#### How to complete this task:
Print the line containing "May include: A", then every line after it through the end of the material, exactly as written and without pictures.

==============================

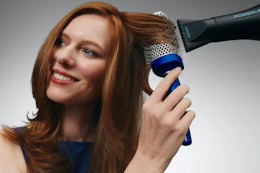 a woman using a bio ionic brush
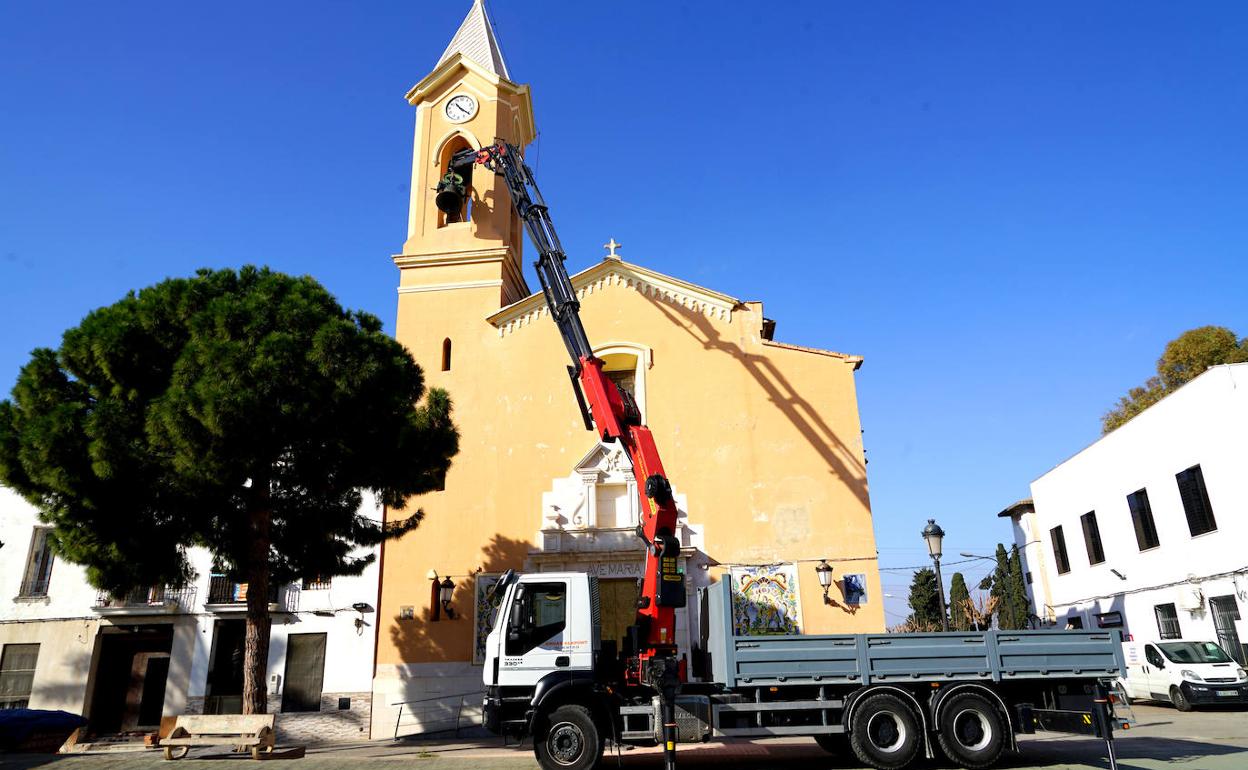 La grúa baja una de las campanas. 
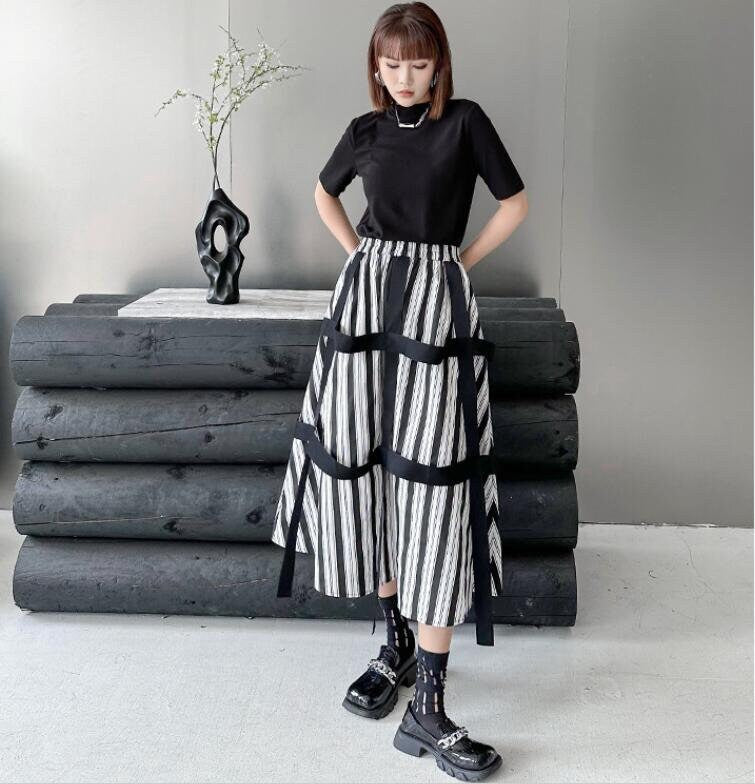 Stylish High Waisted Black and White Striped Harajuku Y2K Skirt
 
 This women's high waisted black and white striped Harajuku Y2K skirt is the perfect addition to your everyday wardrobe. Not only does it pull together any outfitWomen's SkirtsThebesttailorThebesttailorwhite stripe harajuku y2k skirtThebesttailorwhite stripe harajuku y2k skirt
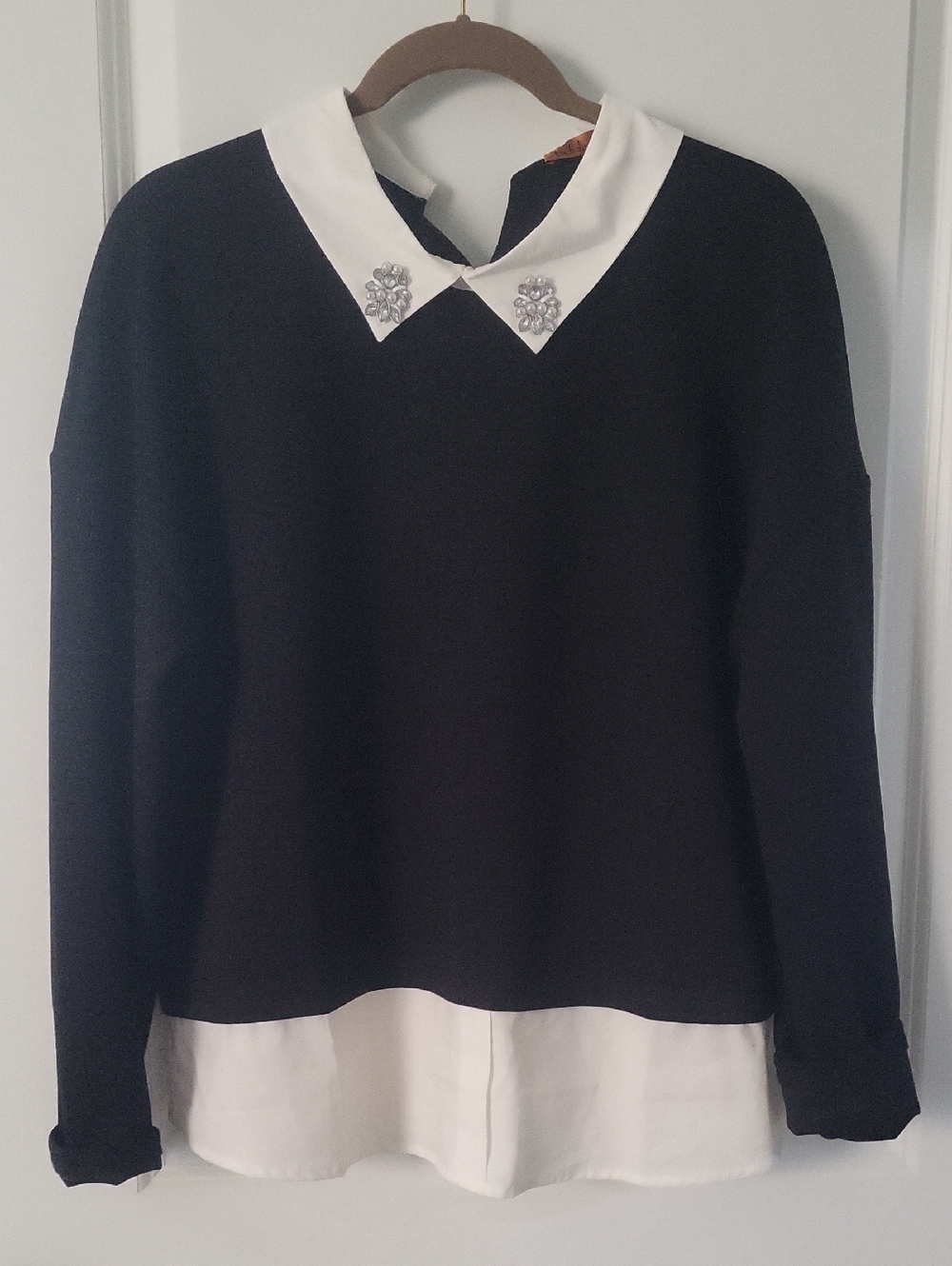 Black Sweater with White Collared Shirt Detail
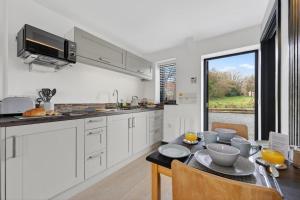 a kitchen with a table and a dining room at 1 Bed in Minsterley oc-s38641 in Minsterley +9 photos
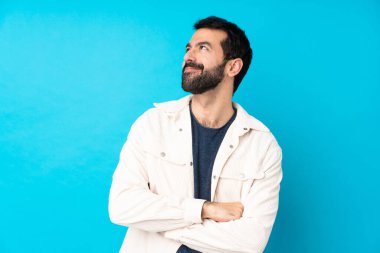 Mavi arka planda beyaz kadife ceketli yakışıklı genç adam gülümserken yukarı bakıyor.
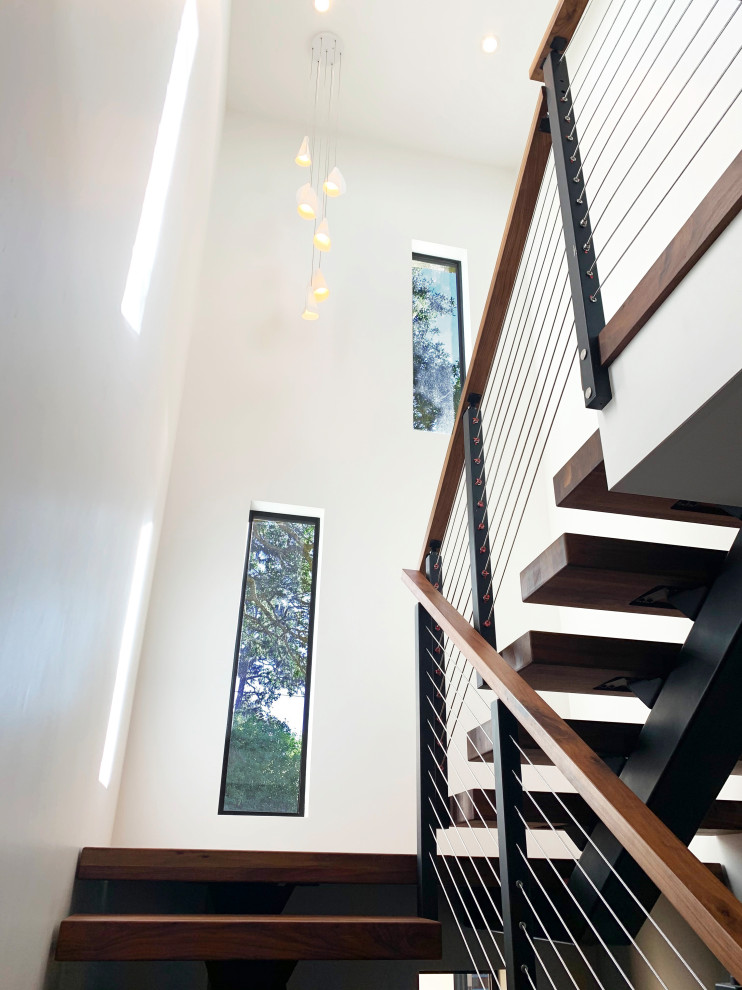 На фото: п-образная лестница в стиле модернизм с деревянными ступенями и перилами из тросов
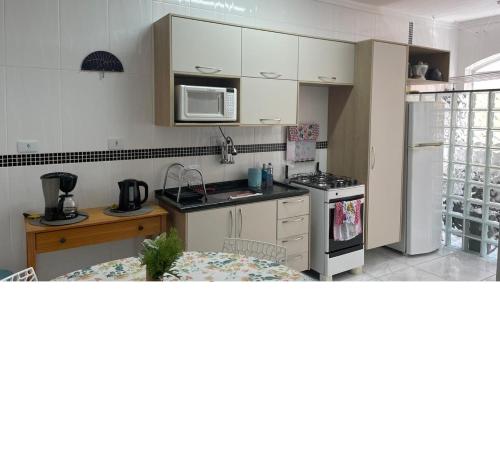 a kitchen with a stove and a refrigerator at Praia do Tombo - Aconchego no Guarujá in Guarujá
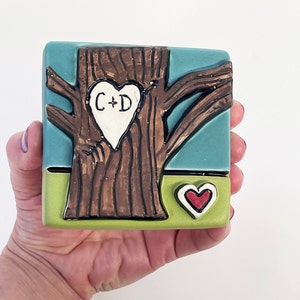 May include: A ceramic tile with a brown tree with a white heart carved into it. The heart has the initials "C+D" inside. The tile has a green base and a blue sky background. There is a small red heart at the bottom of the tile.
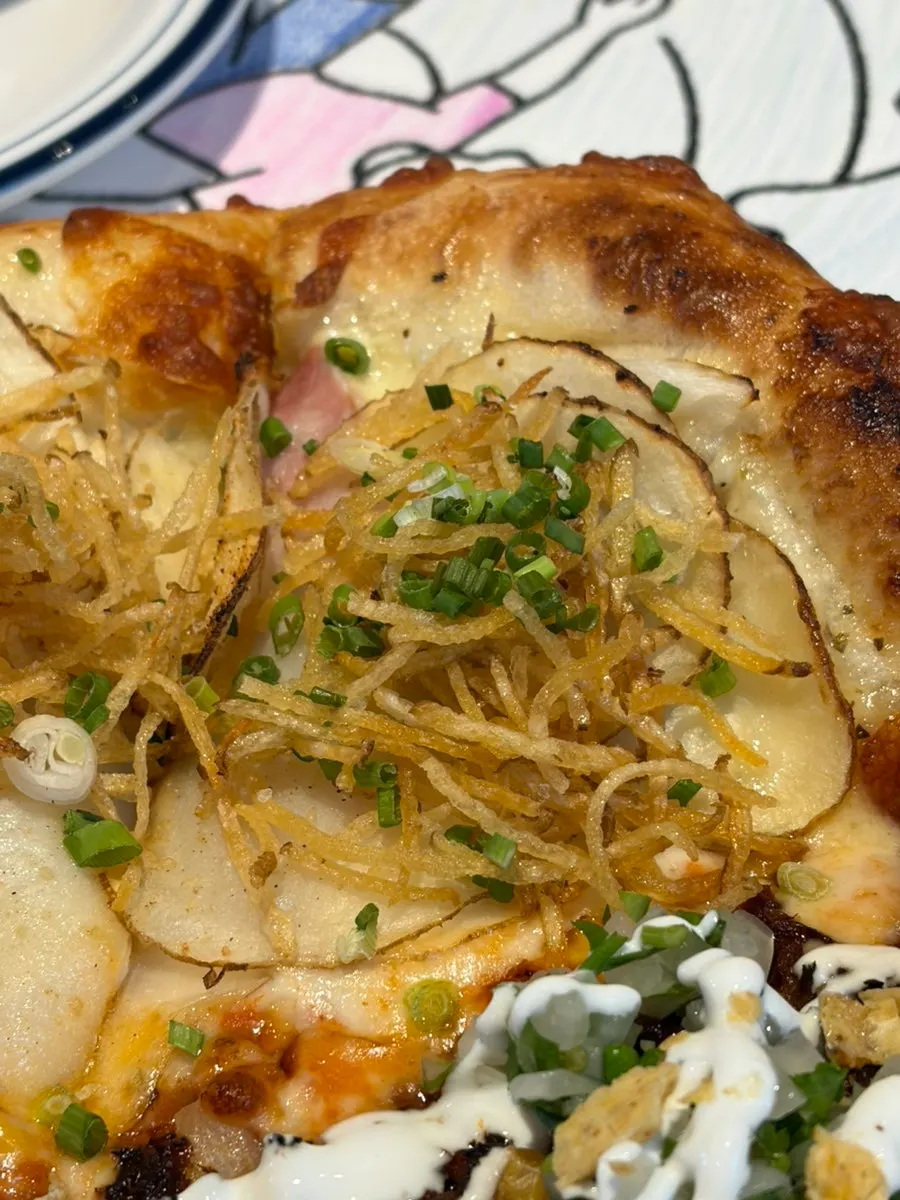 Birria pizza reinterpreting tacos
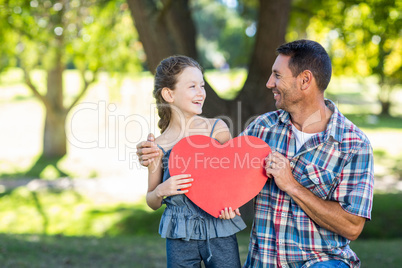 Father and daughter smiling in the park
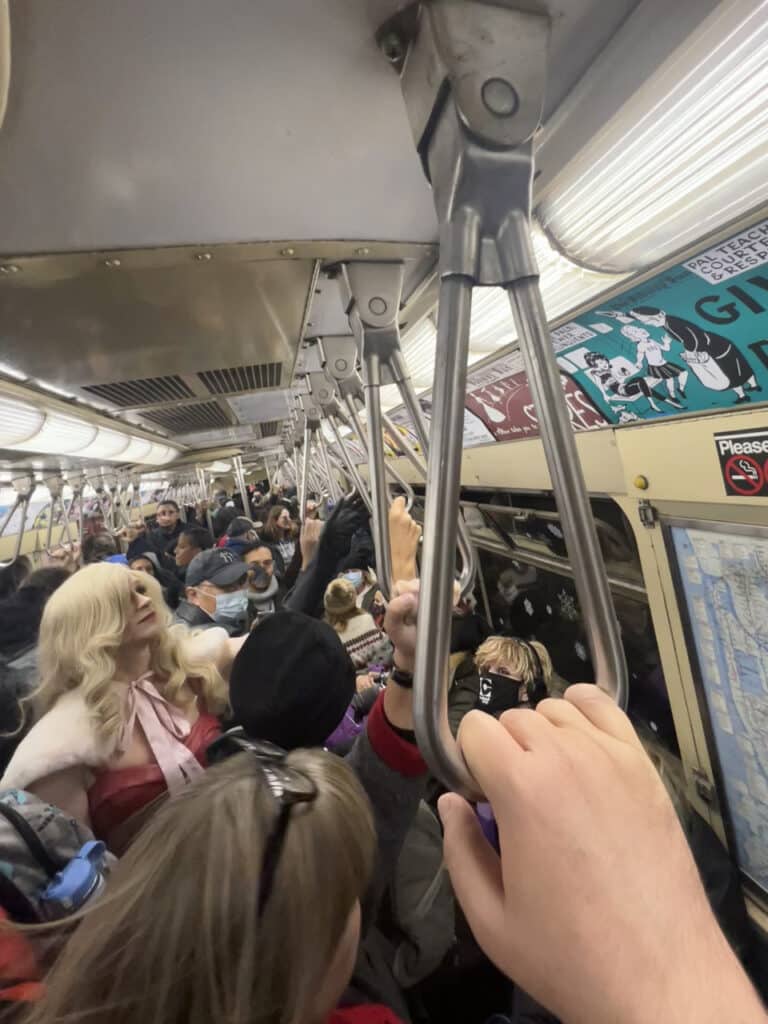 Inside a crowded, old-fashioned New York City subway car.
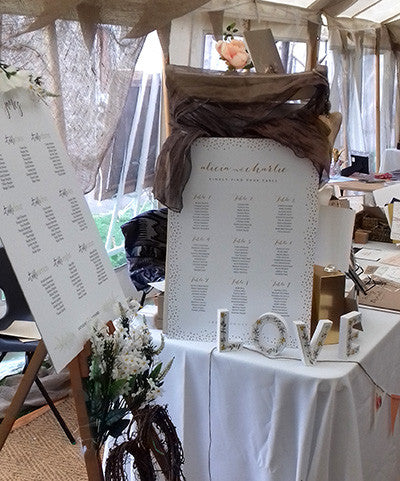 Wedding seating table plan on easel Connie & Joan at wedding fair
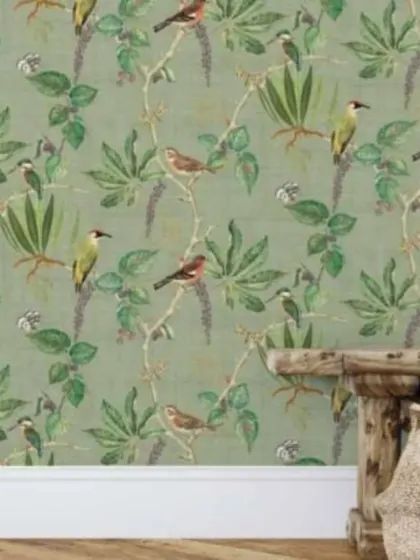 A soft green version of the bird and vine wallpaper. This colorway is fresh and calming, ideal for bedrooms or living spaces.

==============================

#### Task answer:
 May include: A ceramic tile with a brown tree with a white heart carved into it. The heart has the initials "C+D" inside. The tile has a green base and a blue sky background. There is a small red heart at the bottom of the tile.
 Birria pizza reinterpreting tacos
 Father and daughter smiling in the park
 Inside a crowded, old-fashioned New York City subway car.
 Wedding seating table plan on easel Connie & Joan at wedding fair
 A soft green version of the bird and vine wallpaper. This colorway is fresh and calming, ideal for bedrooms or living spaces.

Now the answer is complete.